Dr Stacy Trasancos (Seton Hall University, USA)


Dr Trasancos’s academic work focuses on the topic of theology and science. She earned a doctorate in chemistry from Penn State University (USA) and subsequently worked as a chemist for DuPont. After converting to Catholicism, she obtained a master’s in dogmatic theology (summa cum laude) from Holy Apostles College and Seminary. She is also now pursuing a second doctorate in systematic philosophy. She currently teaches theology at Seton Hall University and Holy Apostles College. She is the author of three books on faith and science, has written numerous articles for Catholic journals and magazines and has appeared internationally on Catholic radio and television. She has seven children and nine grandchildren (so far).

Mr Nicholas McBride (Fellow, Pembroke College, University of Cambridge)

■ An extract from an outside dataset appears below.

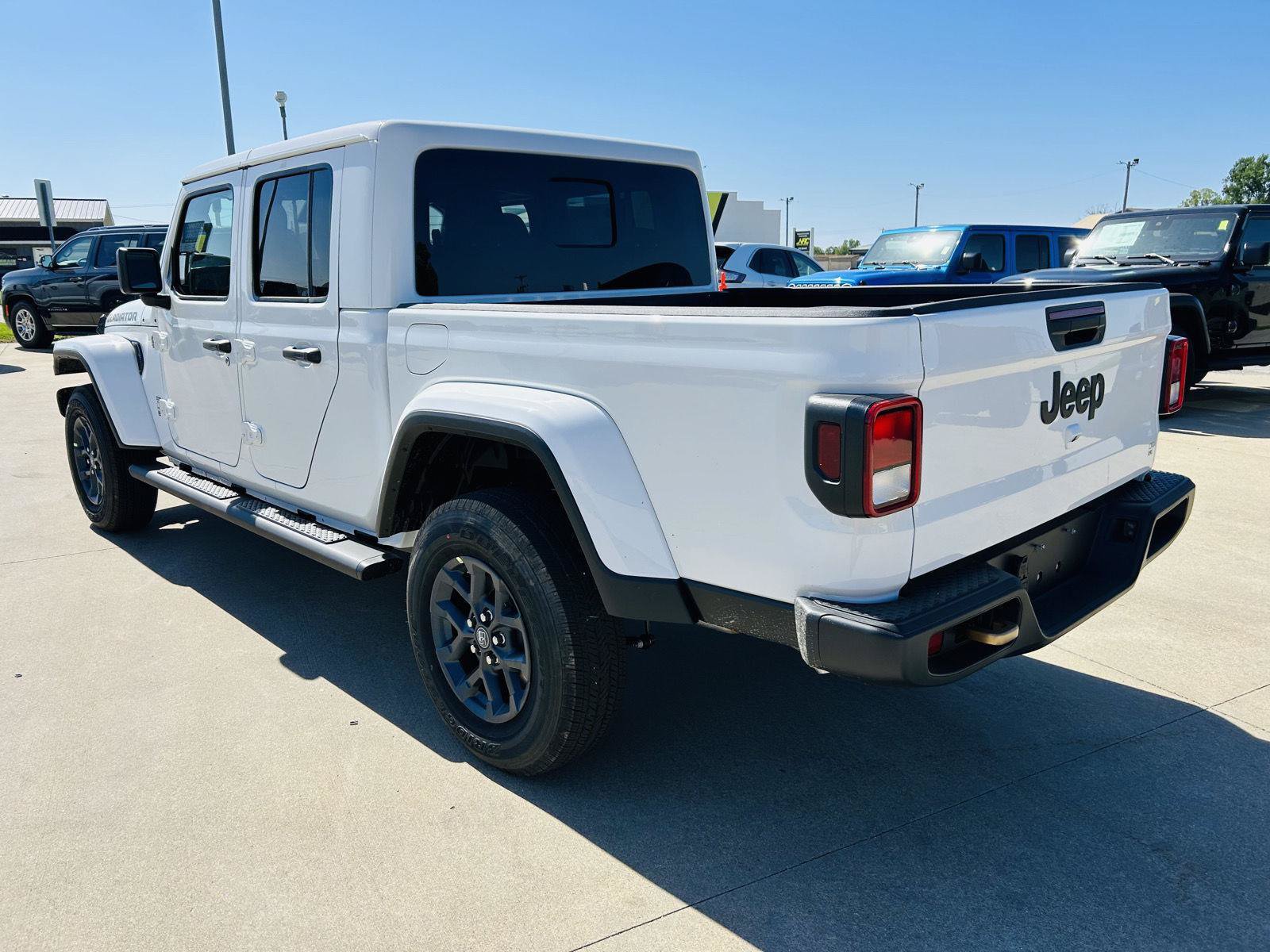 New 2026 Jeep Gladiator Overland AWD/4WD image 35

Nicholas McBride is a Fellow of Pembroke College, Cambridge. He was formerly a Fellow at All Souls College, Oxford, having studied Law at Brasenose College, Oxford both as an undergraduate and for the Oxford BCL exam. He is the author of numerous books and articles on law, focusing in particular on the philosophical foundations of private law. He has written a best-selling introduction to studying law called Letters to a Law Student (5th ed, Pearson Education, 2021). He has also written (with Roderick Bagshaw) a textbook on Tort Law (6th edition, Pearson Education, 2018) and two books on the values underlying English private law, the nature of human flourishing, and the future of the West: The Humanity of Private Law, Parts I & II (Hart Publishing, 2019, 2020). He has recently served on an independent panel of UK jurists and judges that conducted an Independent Review of Administrative Law for the UK Government.

Rev. Dr Michael Chaberek, OP (theologian and author, Poland)

Rev. Dr Chaberek, a Dominican Friar and native of Gdansk, completed his doctorate at Cardinal Stefan Wyszynski University (Warsaw) and presently teaches at the Collegium Intermarium (Warsaw). He also is the director of the Steno Institute for Faith and Science. His academic focus includes: the science-faith dialogue, theology of creation, the theory of intelligent design, the philosophy of St Thomas Aquinas, theology of the body, and the history of modern theology.

Dr Paul Rogers (course administrator; Emmanuel College, University of Cambridge)


Dr Rogers is a postdoctoral researcher in theology at Emmanuel College, Cambridge where he completed a PhD in the Faculty of Divinity. He received a BA in Classics from Williams College, Massachusetts. He is the author of Aquinas on Prophecy (Catholic U. of America Press, 2023), a study concerned with the place of prophecy in the Christian Middle Ages. His articles have appeared in the The Thomist and New Blackfriars and in the publications of the Dutch research group based at the Thomas Instituut te Utrecht. His research interests include: prophecy in the Church; the role of theology in political thought (especially in the work of René Girard and mimetic theory); theories of secularization in contemporary culture; and, theories of inspiration and their role in theology and politics (e.g. how charismatic authority is conceived in political society).